# To do
Go through the listing below and write out exactly the lines from the one that mentions "Quần short denim" through the one that mentions "White Twin Over", minus the pictures.

---------- Record extracts

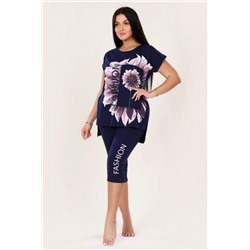 Костюм с бриджами FASHION flower 397 (Темно-синий)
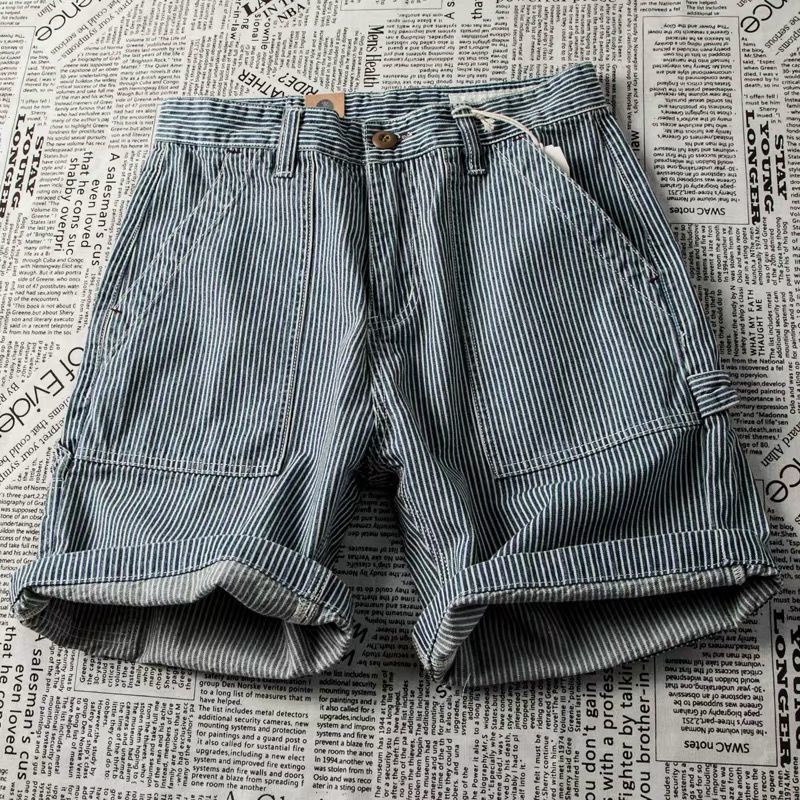 Quần short denim Ngắn Kẻ Sọc Xanh Quân Đội Mỹ Ami Khaki Retro Nhật Bản Cho Nam Và Nữ Lo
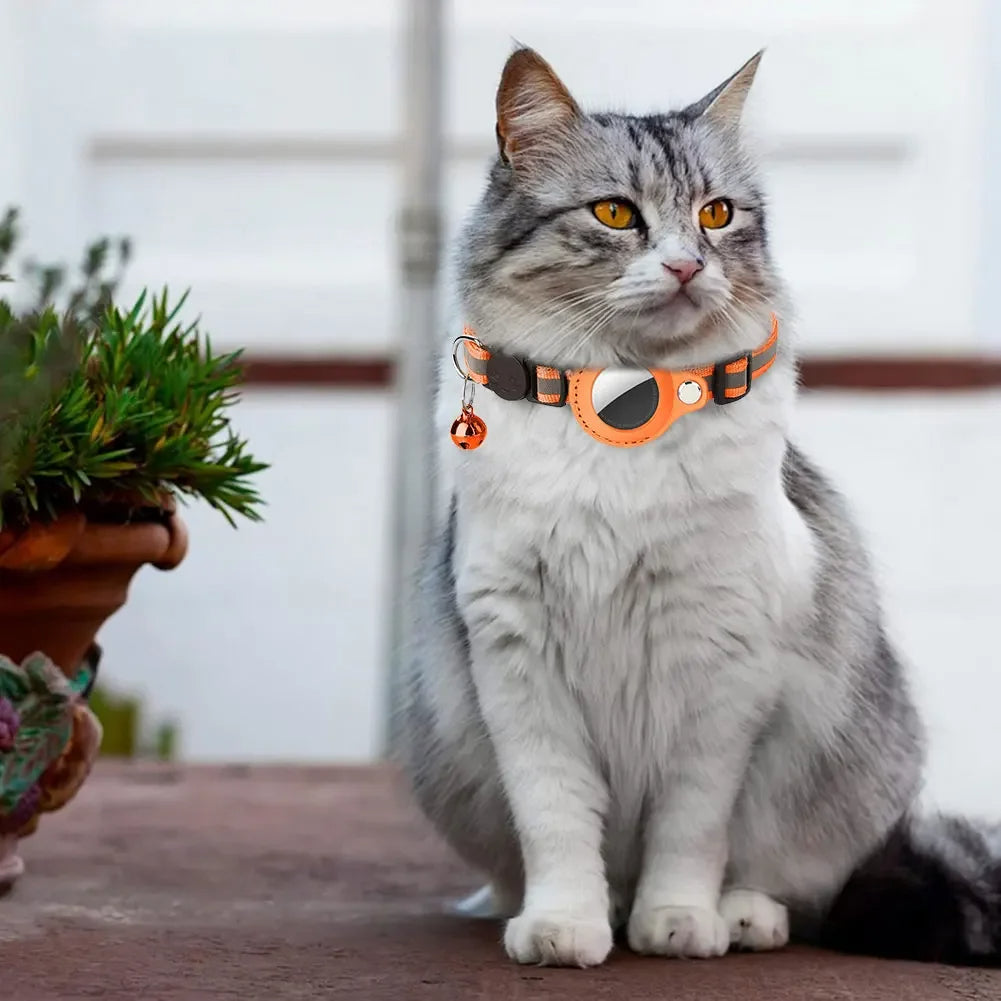 Reflektierendes Katzenhalsband mit Apple AirTag Halterung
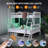 White Twin Over Full Size Bunk Bed With Guardrail, LED Light, Charging Station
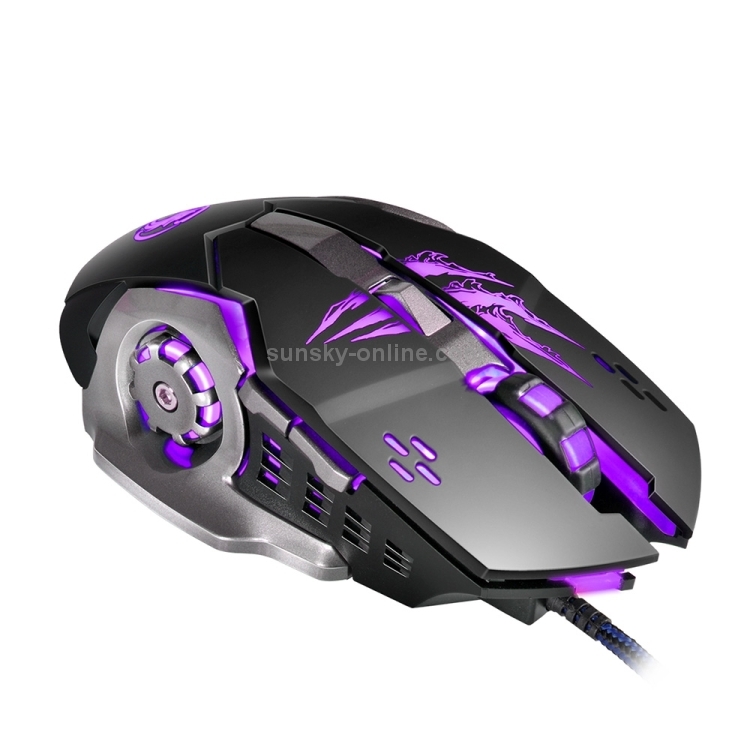 Apedra iMICE A8 High Precision Gaming Mouse LED Four Color Controlled Breathing Light USB 6 Buttons 3200 DPI Wired Optical Gaming Mouse for Computer PC Laptop(Black) - 3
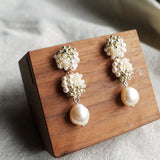 Ariana Richele Earrings in Ivory Display Left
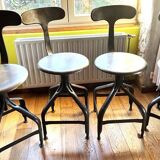 Vintage adjustable chairs/stools, Edition Nicolle, around 1960.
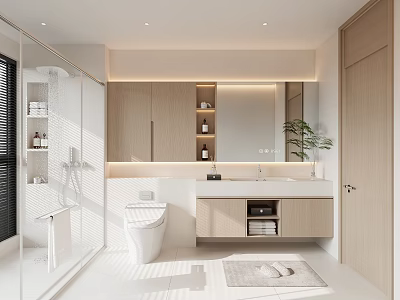 Bright Modern Minimalist Bathroom With Light Wood Cabinets Smart Toilet And Glass Shower Area 3d model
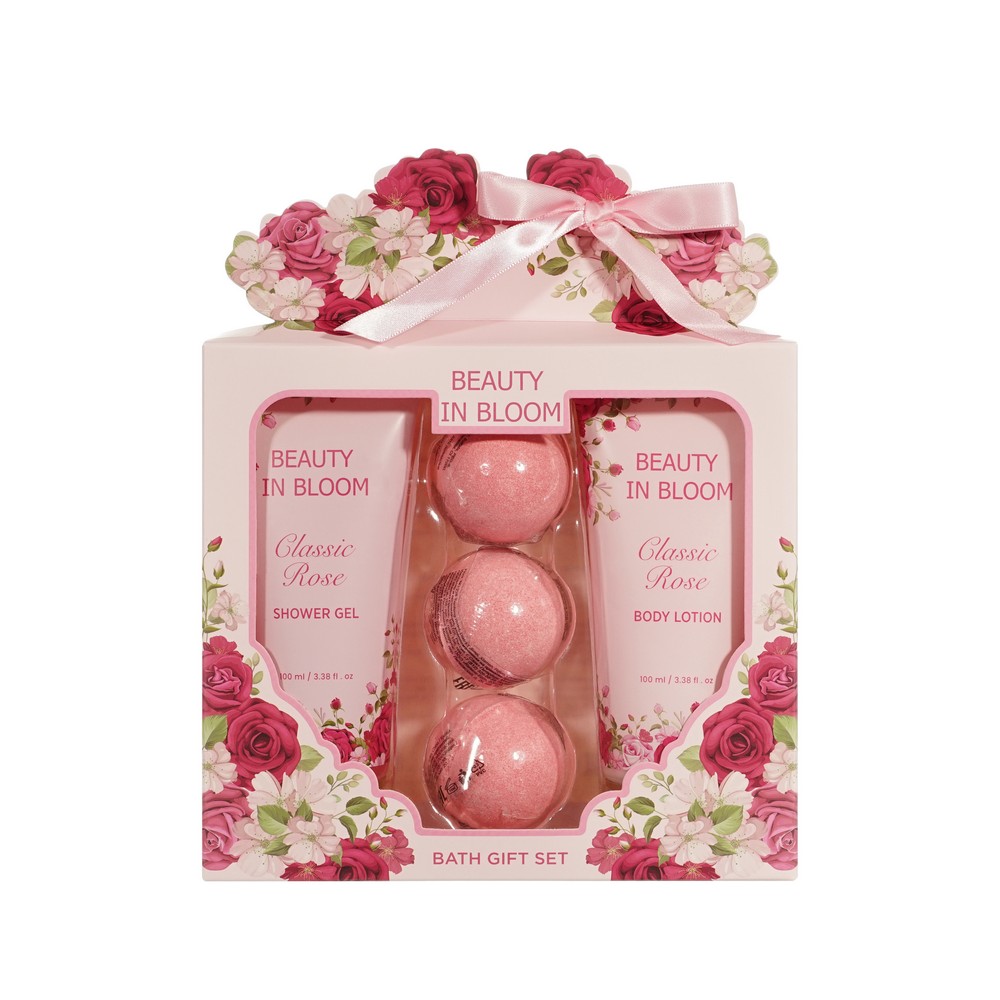 Женский подарочный набор Beauty In Bloom Classic Rose ( гель для душа 100мл + лосьон для тела 100мл + Физзер для ванны 3шт ). Фото 1.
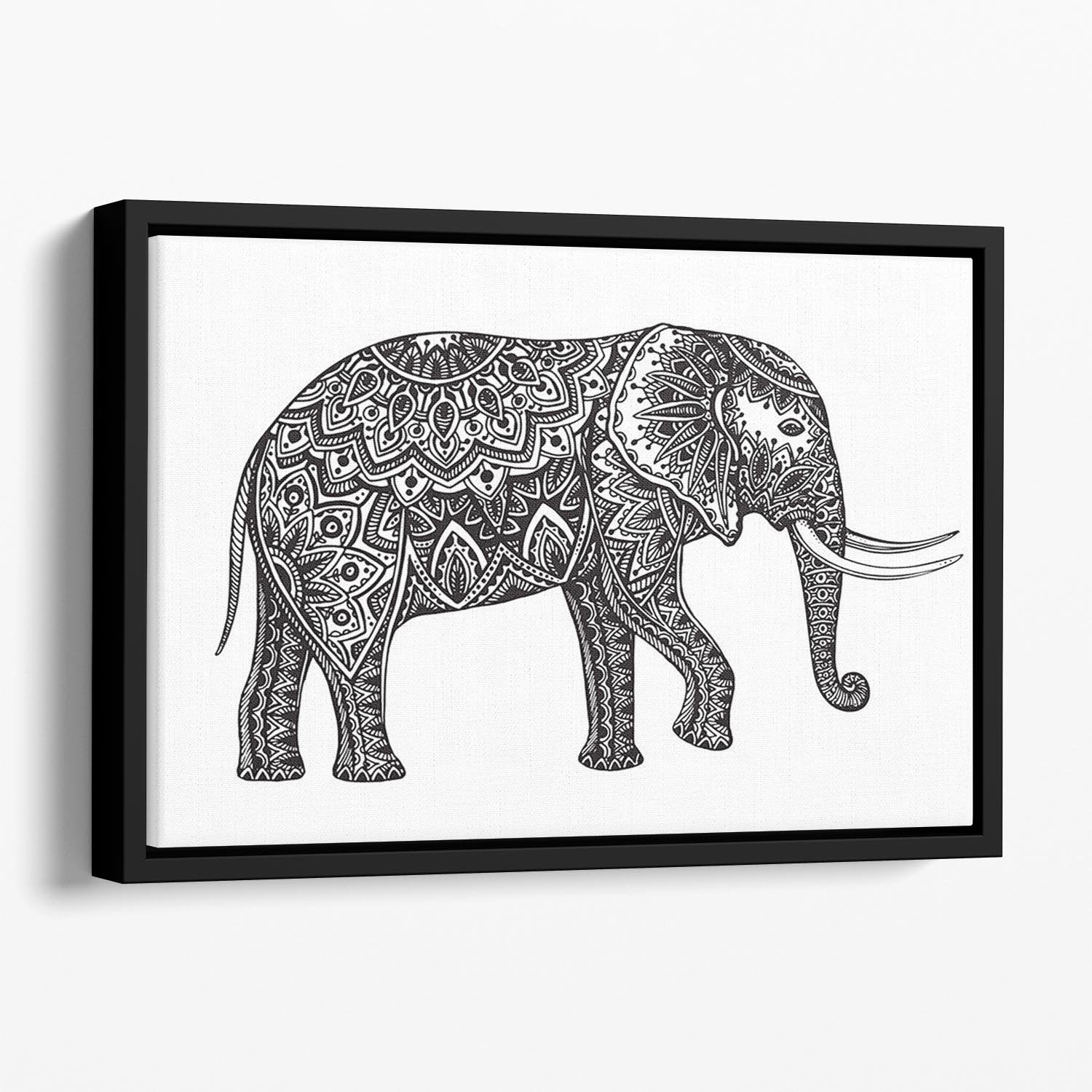 Stylized fantasy patterned elephant Floating Framed Canvas - Canvas Art Rocks - 1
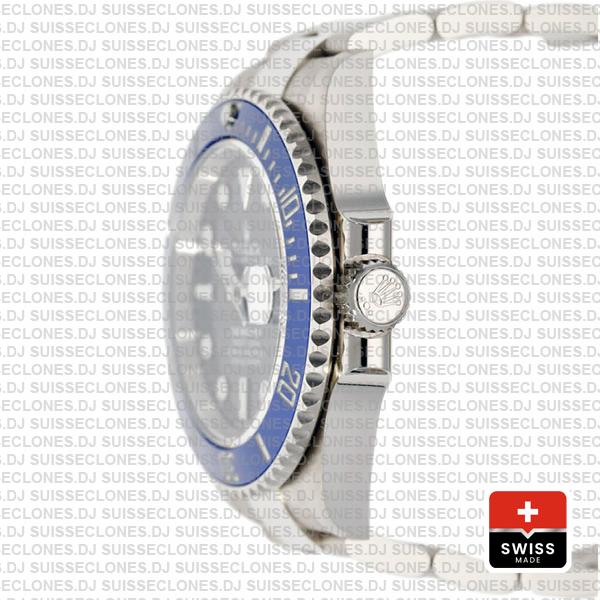 Rolex Submariner 18k White Gold Wrap Black Dial Blue Ceramic Bezel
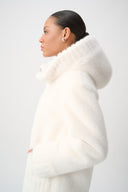 Joseph Ribkoff Knit Faux Fur Hooded Coat Style 264947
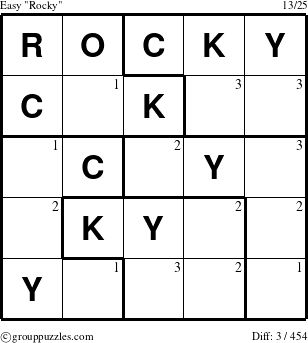 The grouppuzzles.com Easy Rocky puzzle for  with the first 3 steps marked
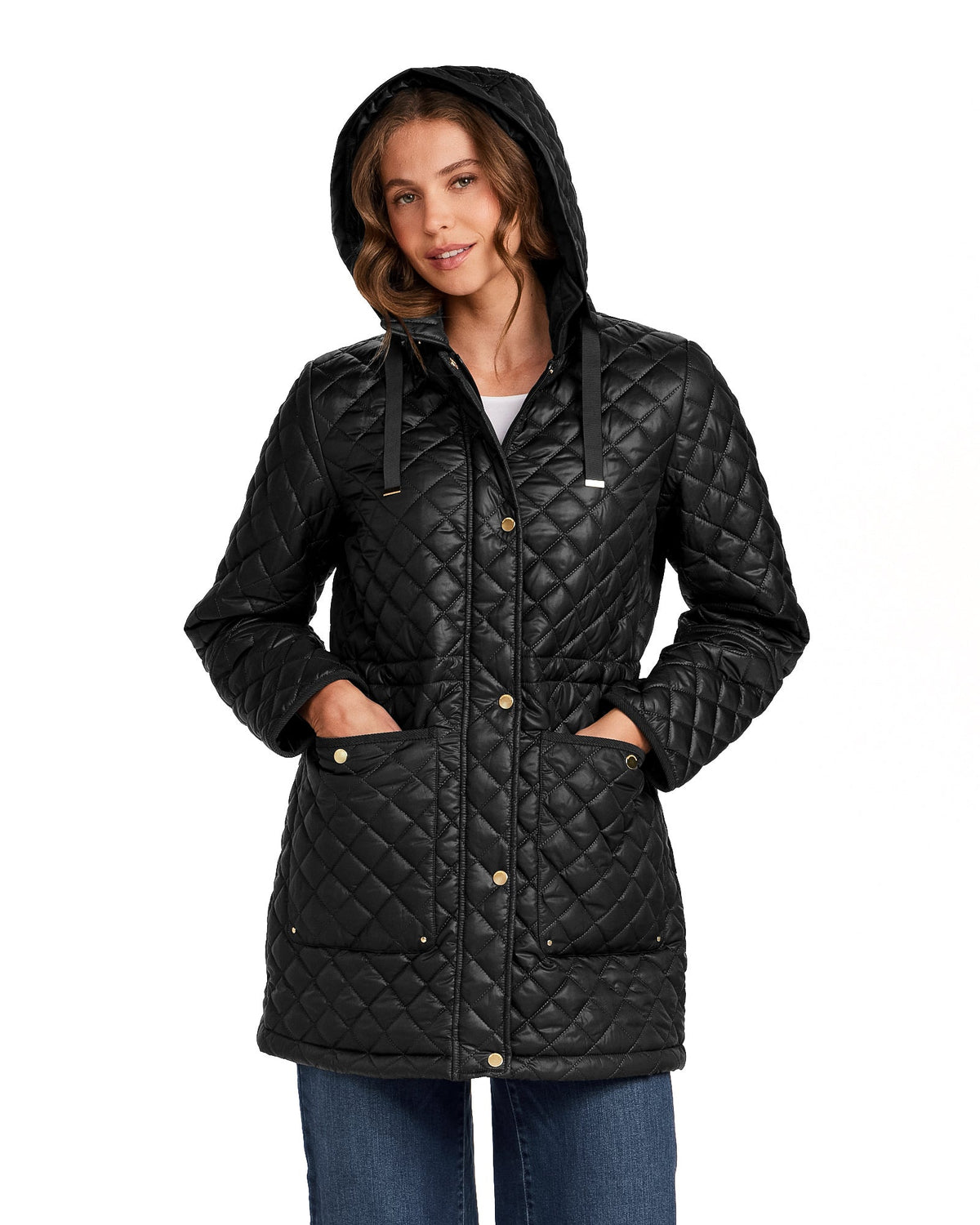 HOODED CORDUROY TRIMMED QUILTED WALKER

--------------------

# Response to this exercise
 Quần short denim Ngắn Kẻ Sọc Xanh Quân Đội Mỹ Ami Khaki Retro Nhật Bản Cho Nam Và Nữ Lo
 Reflektierendes Katzenhalsband mit Apple AirTag Halterung
 White Twin Over Full Size Bunk Bed With Guardrail, LED Light, Charging Station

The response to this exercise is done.